DESCRIPTION OF THE TASK:
In the material below, write out each line word for word and omit the pictures.
== DATA EXCERPT ==
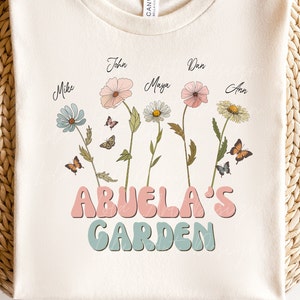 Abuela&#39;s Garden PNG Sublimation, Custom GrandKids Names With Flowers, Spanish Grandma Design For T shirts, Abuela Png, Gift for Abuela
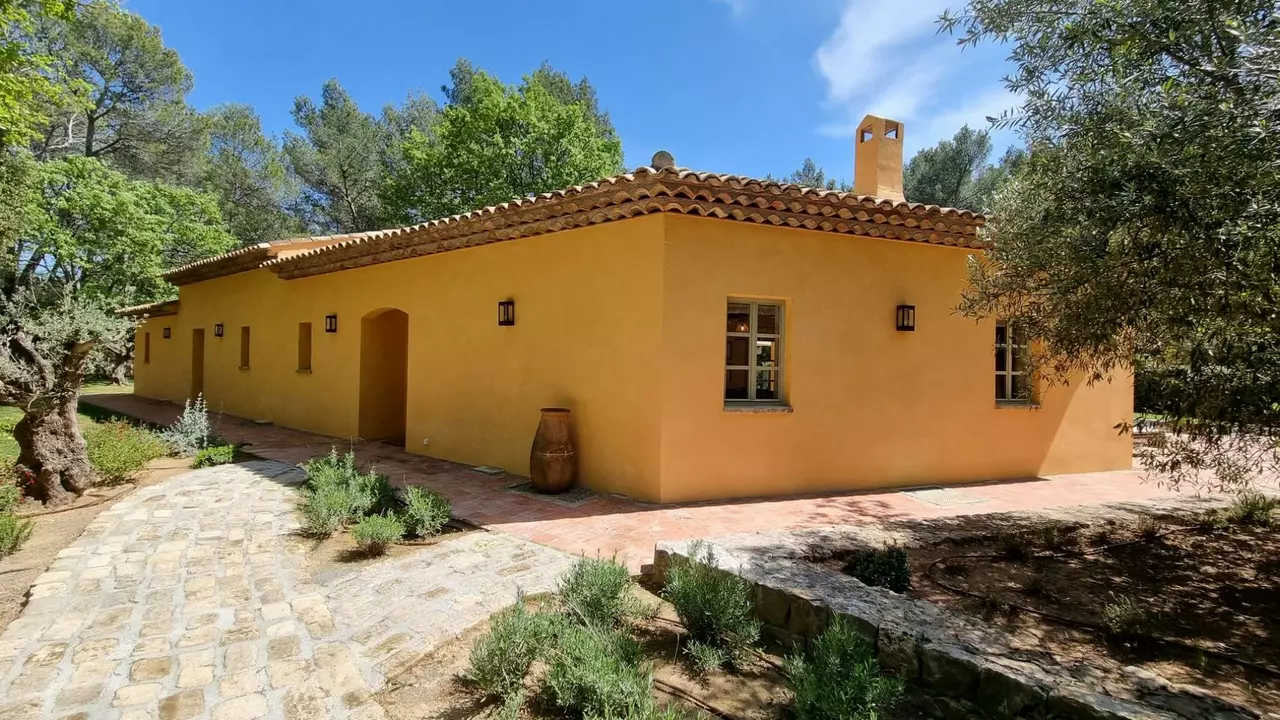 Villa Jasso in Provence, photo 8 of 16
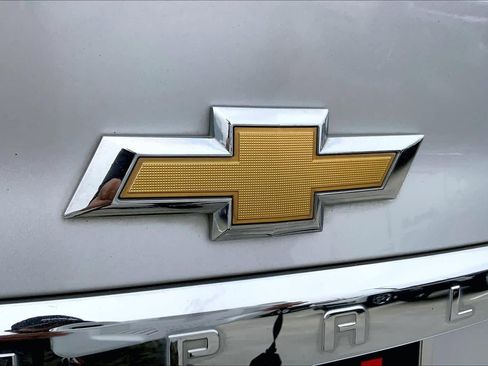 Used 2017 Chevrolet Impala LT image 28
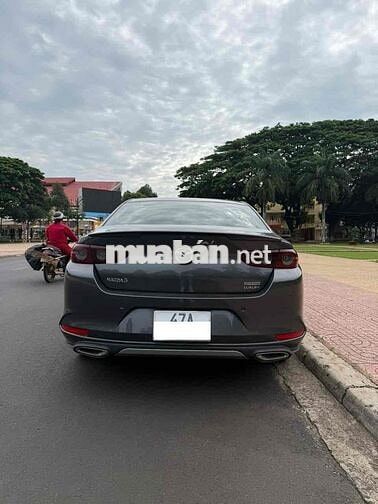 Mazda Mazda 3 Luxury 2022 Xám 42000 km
===
RESULT OF THIS TASK:
 Abuela&#39;s Garden PNG Sublimation, Custom GrandKids Names With Flowers, Spanish Grandma Design For T shirts, Abuela Png, Gift for Abuela
 Villa Jasso in Provence, photo 8 of 16
 Used 2017 Chevrolet Impala LT image 28
 Mazda Mazda 3 Luxury 2022 Xám 42000 km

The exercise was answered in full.